━━━━━ PROVIDED RECORDS
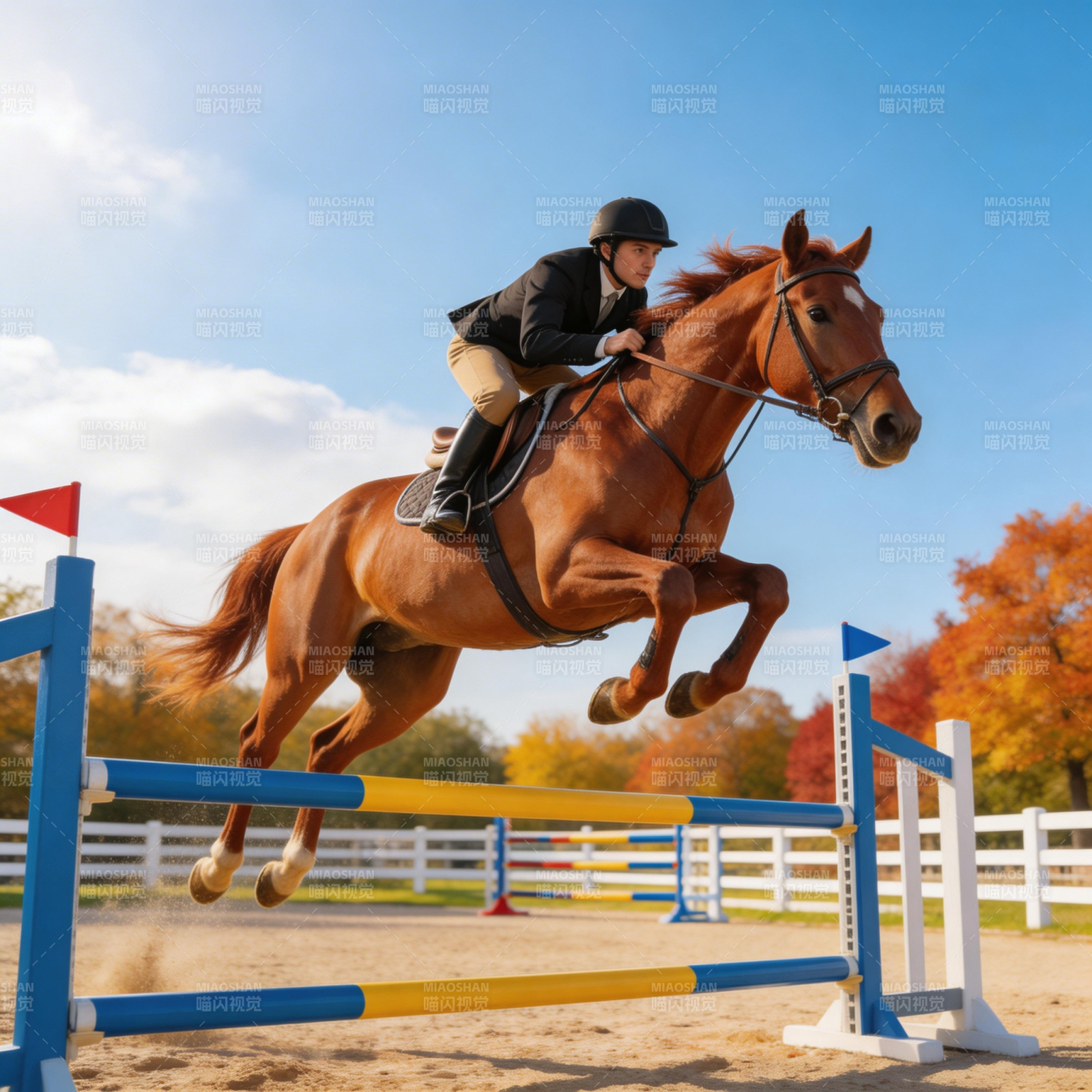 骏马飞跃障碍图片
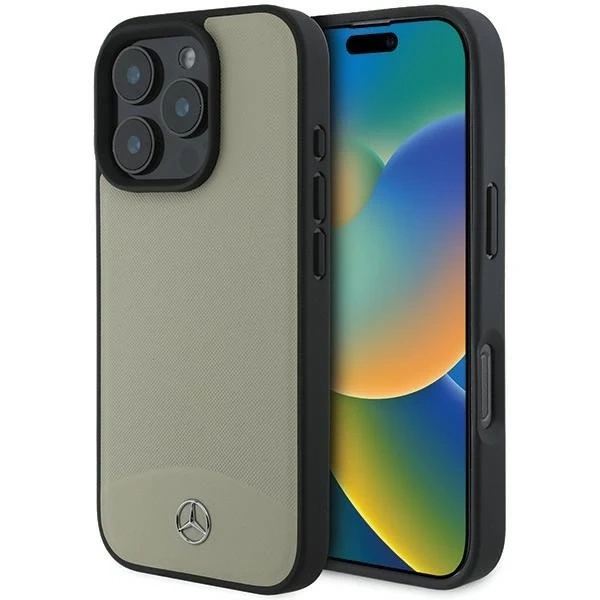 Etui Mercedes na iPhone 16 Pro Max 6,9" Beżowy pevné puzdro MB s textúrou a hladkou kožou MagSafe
━━━━━━━━━━
━━━━━ PROVIDED RECORDS
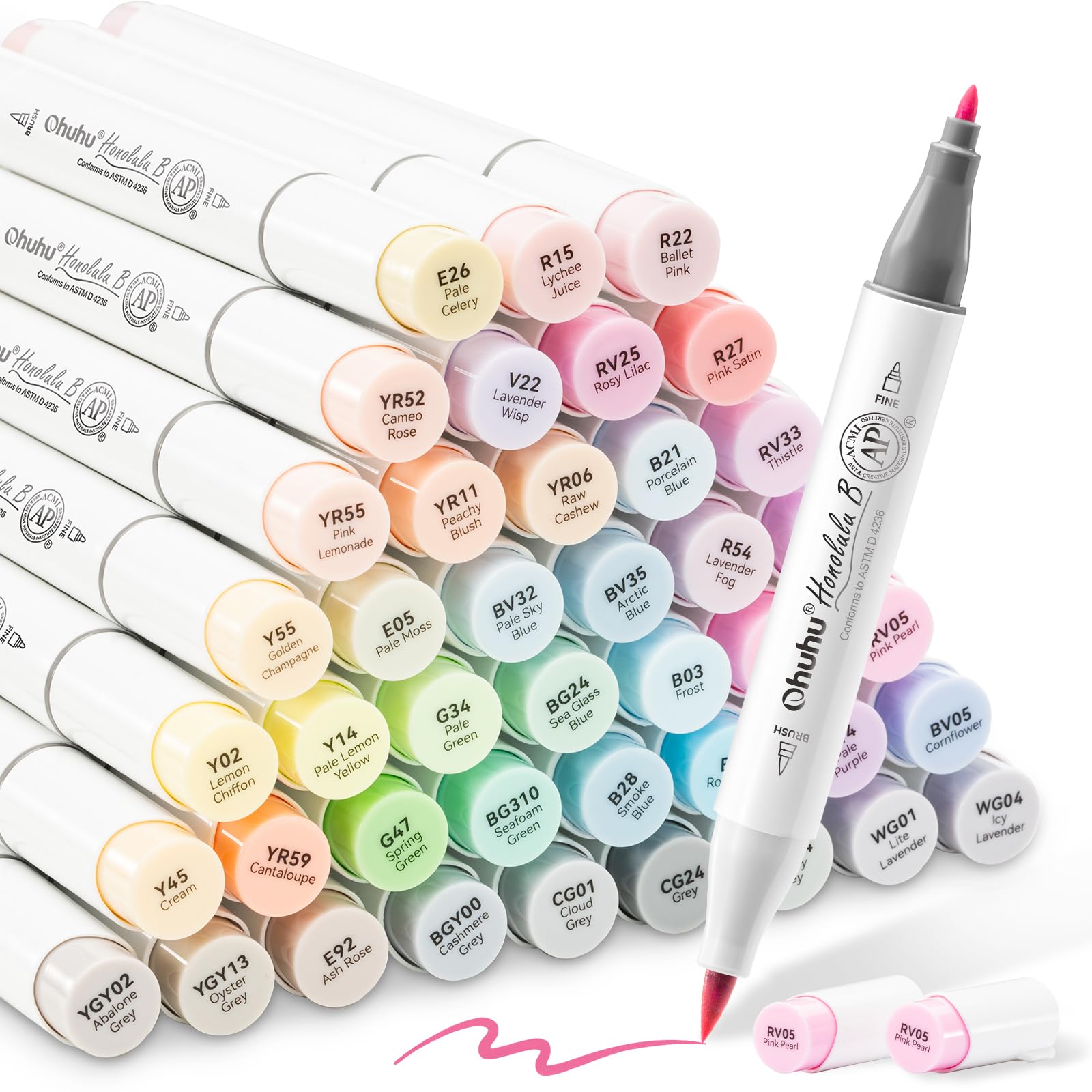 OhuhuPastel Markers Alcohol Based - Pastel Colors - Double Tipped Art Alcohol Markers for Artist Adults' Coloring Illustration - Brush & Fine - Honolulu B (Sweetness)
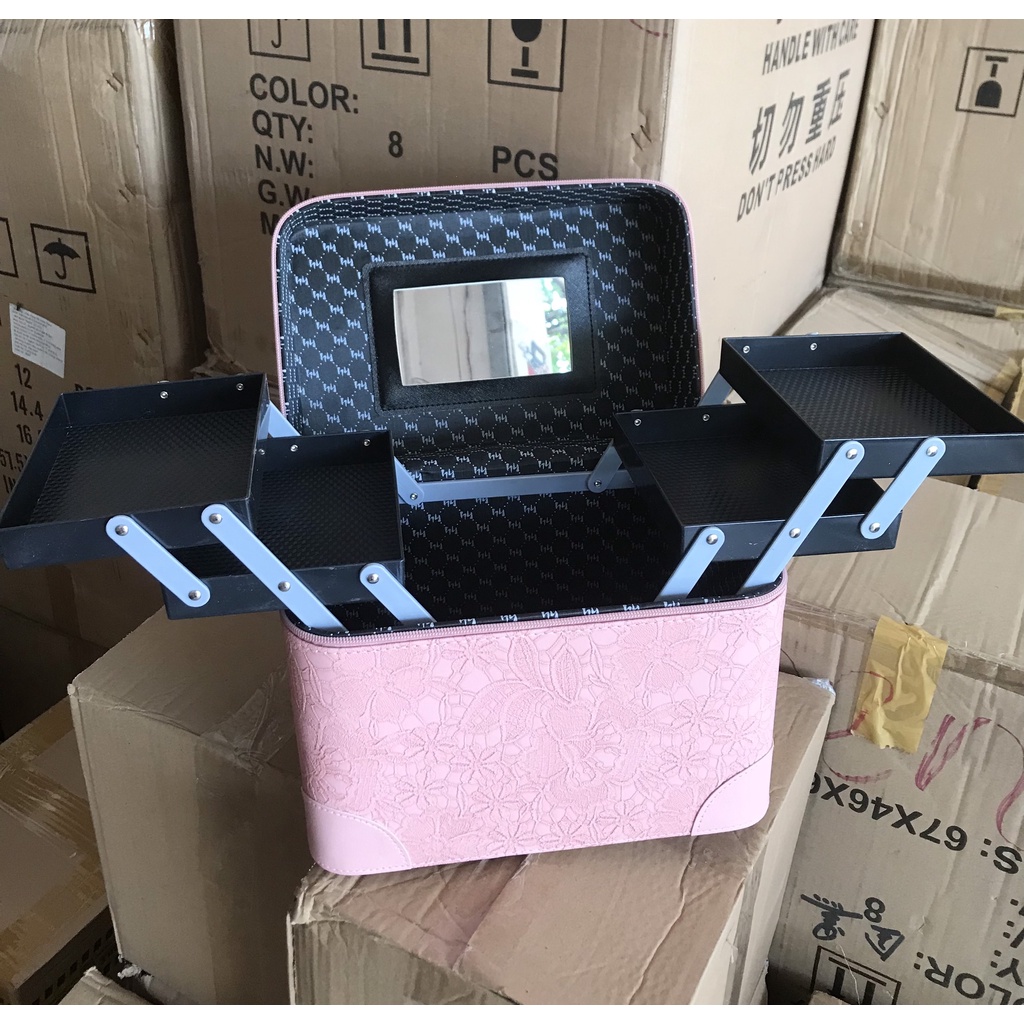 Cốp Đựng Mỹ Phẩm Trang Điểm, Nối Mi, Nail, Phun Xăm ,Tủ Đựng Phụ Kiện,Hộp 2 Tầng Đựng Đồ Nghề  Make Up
━━━━━━━━━━
━━━━━ PROVIDED RECORDS
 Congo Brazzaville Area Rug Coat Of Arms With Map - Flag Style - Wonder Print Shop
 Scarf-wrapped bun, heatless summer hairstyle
━━━━━━━━━━
■ DESCRIPTION OF THE TASK
An exact copy of the lines above, from the one containing "Congo Brazzaville Area" through the one containing "Scarf-wrapped bun, heatless summer hairstyle", is the whole of the answer.

■ SOLUTION BELOW
 Congo Brazzaville Area Rug Coat Of Arms With Map - Flag Style - Wonder Print Shop
 Scarf-wrapped bun, heatless summer hairstyle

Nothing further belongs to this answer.